Information provided ▸
⟨

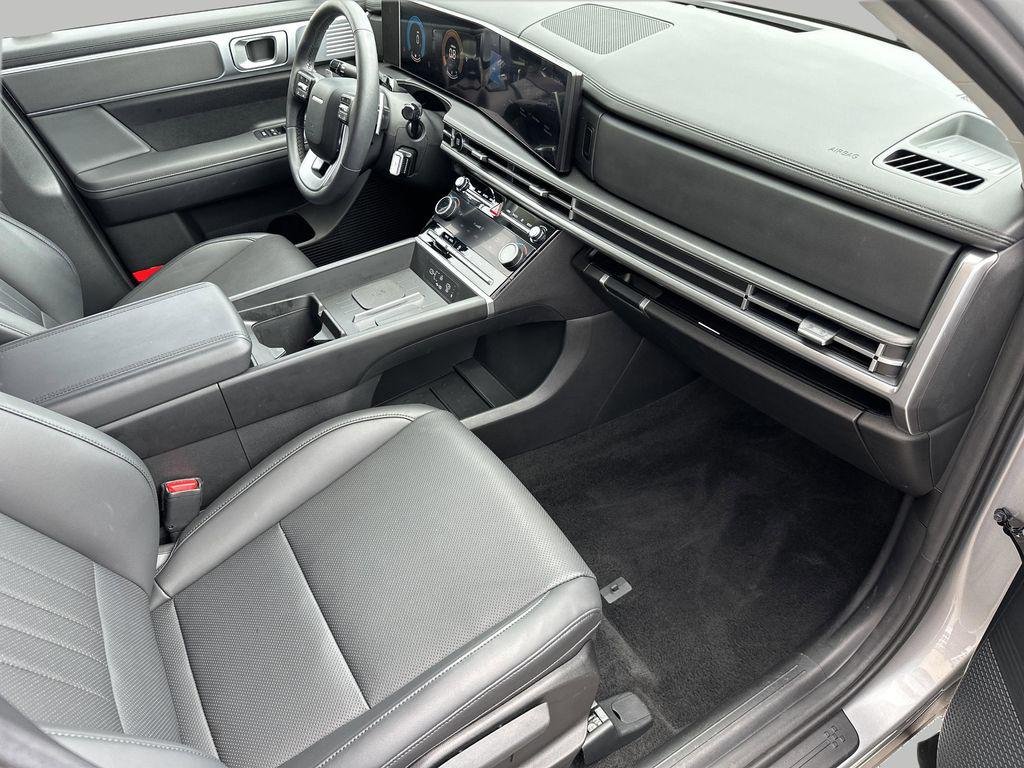 New 2026 Shimmering Silver Pearl Hyundai SEL FWD image 26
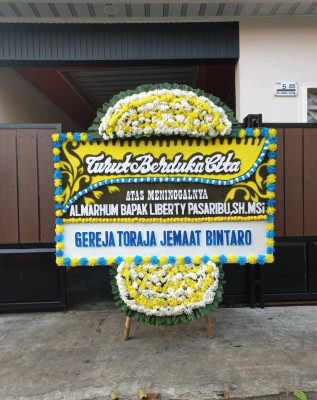 Papan Bunga Duka di Mabar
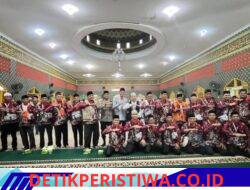 Kapolres dan Wakil Bupati Muratara Lepas Keberangkatan 48 Calon Jamaah Haji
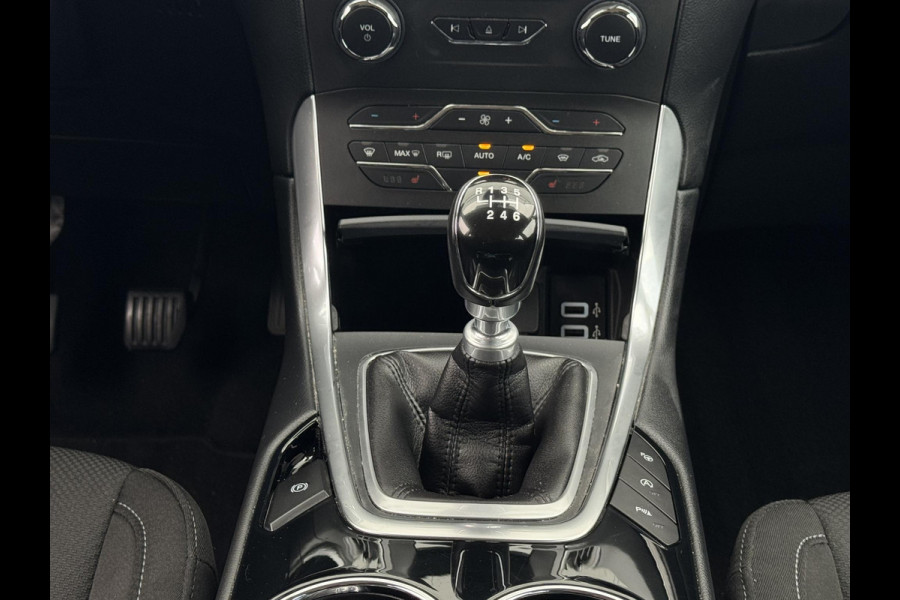 Ford S-Max 1.5 Titanium 7p. STOELVERWARMING | NAVI | TREKHAAK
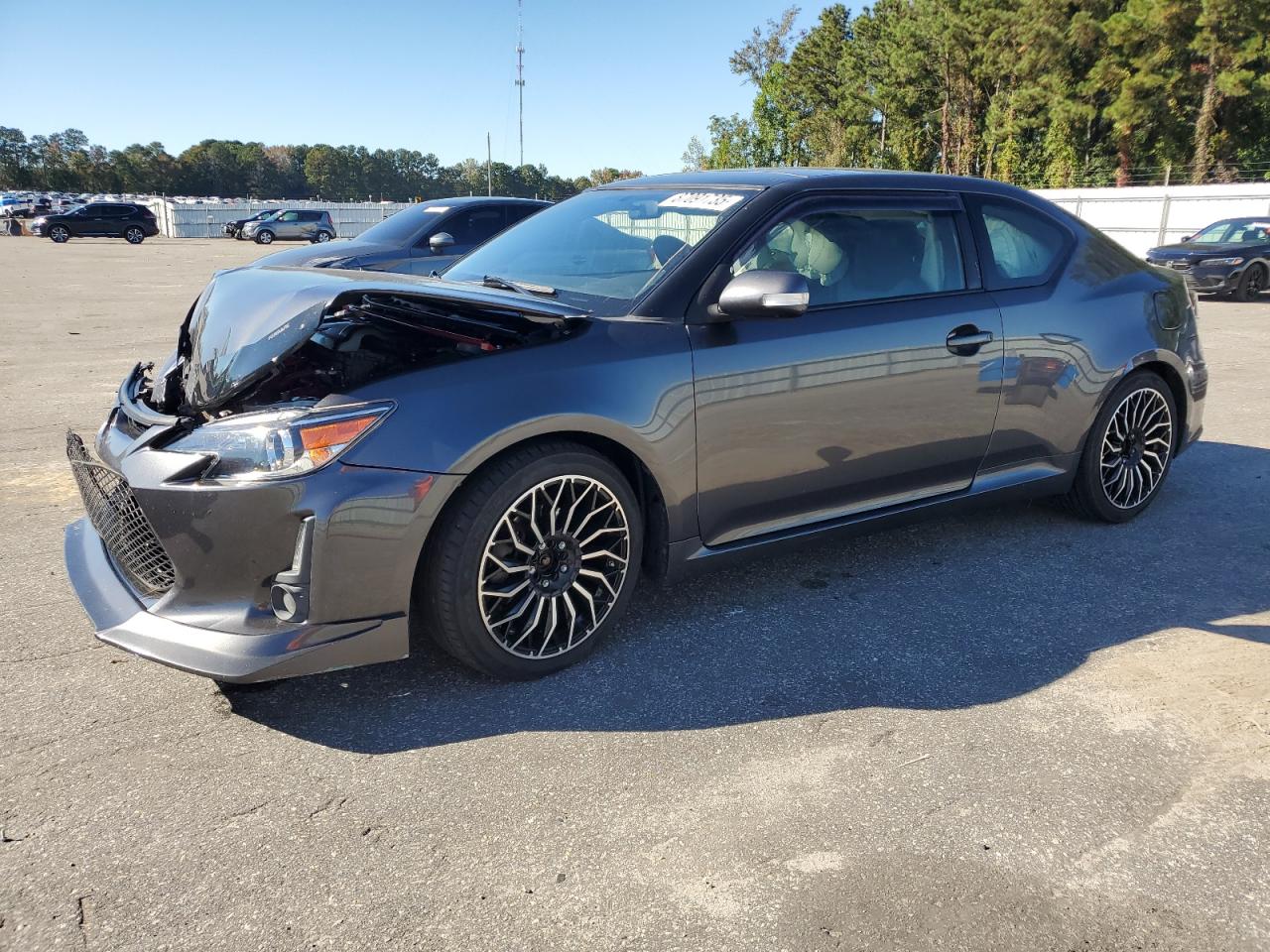 TOYOTA SCION 2015. Lot# 87091735. VIN JTKJF5C74FJ004556. Photo 1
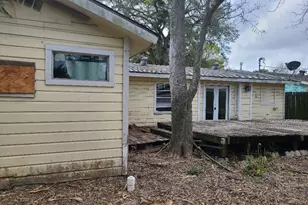 422 Surratt Dr, Houston, TX 77091 - Photo 7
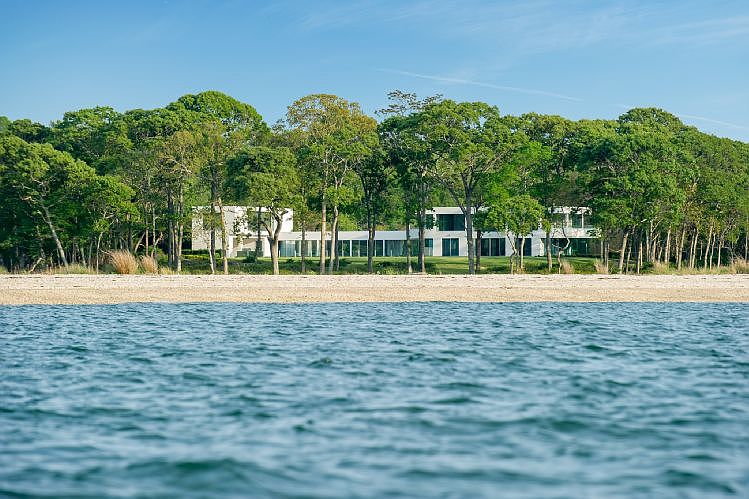 1st image of 6 Seaponack Dr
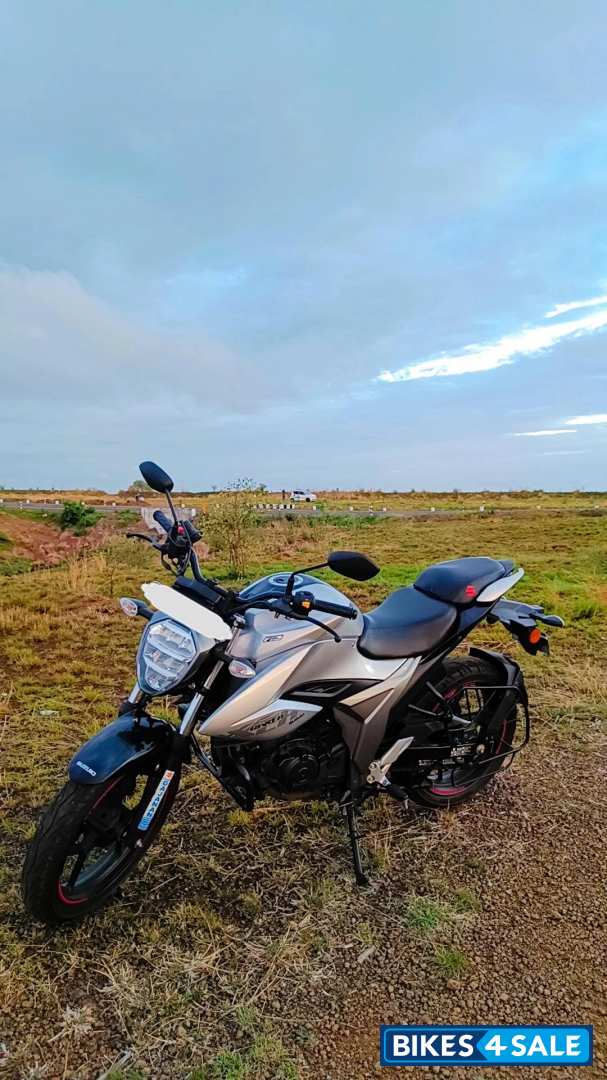 Grey Suzuki Gixxer BS6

⟩

Exercise description ▸ Only lines from the one holding "1st image of 6 Seaponack Dr" through the last line of the entries above are wanted, both ends included, each retyped exactly; no pictures.

Result for this exercise ▸
 1st image of 6 Seaponack Dr
 Grey Suzuki Gixxer BS6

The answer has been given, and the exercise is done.